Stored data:
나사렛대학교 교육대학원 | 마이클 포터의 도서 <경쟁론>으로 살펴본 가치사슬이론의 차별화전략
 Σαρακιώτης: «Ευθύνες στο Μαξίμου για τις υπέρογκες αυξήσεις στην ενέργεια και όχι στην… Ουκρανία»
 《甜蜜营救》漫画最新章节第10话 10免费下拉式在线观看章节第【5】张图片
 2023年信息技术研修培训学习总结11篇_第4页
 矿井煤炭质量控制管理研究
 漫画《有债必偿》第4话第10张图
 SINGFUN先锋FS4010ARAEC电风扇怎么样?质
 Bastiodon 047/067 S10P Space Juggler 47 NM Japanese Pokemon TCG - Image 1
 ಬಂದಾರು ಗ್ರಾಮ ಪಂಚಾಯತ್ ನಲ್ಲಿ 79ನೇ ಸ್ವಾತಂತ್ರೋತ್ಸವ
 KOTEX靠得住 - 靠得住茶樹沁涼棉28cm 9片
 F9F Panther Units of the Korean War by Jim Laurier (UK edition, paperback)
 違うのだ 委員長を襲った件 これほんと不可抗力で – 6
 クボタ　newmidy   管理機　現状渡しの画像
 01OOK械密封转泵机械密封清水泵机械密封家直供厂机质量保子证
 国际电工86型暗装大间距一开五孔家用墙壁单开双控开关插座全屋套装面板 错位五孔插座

Goal of the exercise >> Could you please reproduce each record exactly, leaving nothing out?

Answer to this task >>
나사렛대학교 교육대학원 | 마이클 포터의 도서 <경쟁론>으로 살펴본 가치사슬이론의 차별화전략
 Σαρακιώτης: «Ευθύνες στο Μαξίμου για τις υπέρογκες αυξήσεις στην ενέργεια και όχι στην… Ουκρανία»
 《甜蜜营救》漫画最新章节第10话 10免费下拉式在线观看章节第【5】张图片
 2023年信息技术研修培训学习总结11篇_第4页
 矿井煤炭质量控制管理研究
 漫画《有债必偿》第4话第10张图
 SINGFUN先锋FS4010ARAEC电风扇怎么样?质
 Bastiodon 047/067 S10P Space Juggler 47 NM Japanese Pokemon TCG - Image 1
 ಬಂದಾರು ಗ್ರಾಮ ಪಂಚಾಯತ್ ನಲ್ಲಿ 79ನೇ ಸ್ವಾತಂತ್ರೋತ್ಸವ
 KOTEX靠得住 - 靠得住茶樹沁涼棉28cm 9片
 F9F Panther Units of the Korean War by Jim Laurier (UK edition, paperback)
 違うのだ 委員長を襲った件 これほんと不可抗力で – 6
 クボタ　newmidy   管理機　現状渡しの画像
 01OOK械密封转泵机械密封清水泵机械密封家直供厂机质量保子证
 国际电工86型暗装大间距一开五孔家用墙壁单开双控开关插座全屋套装面板 错位五孔插座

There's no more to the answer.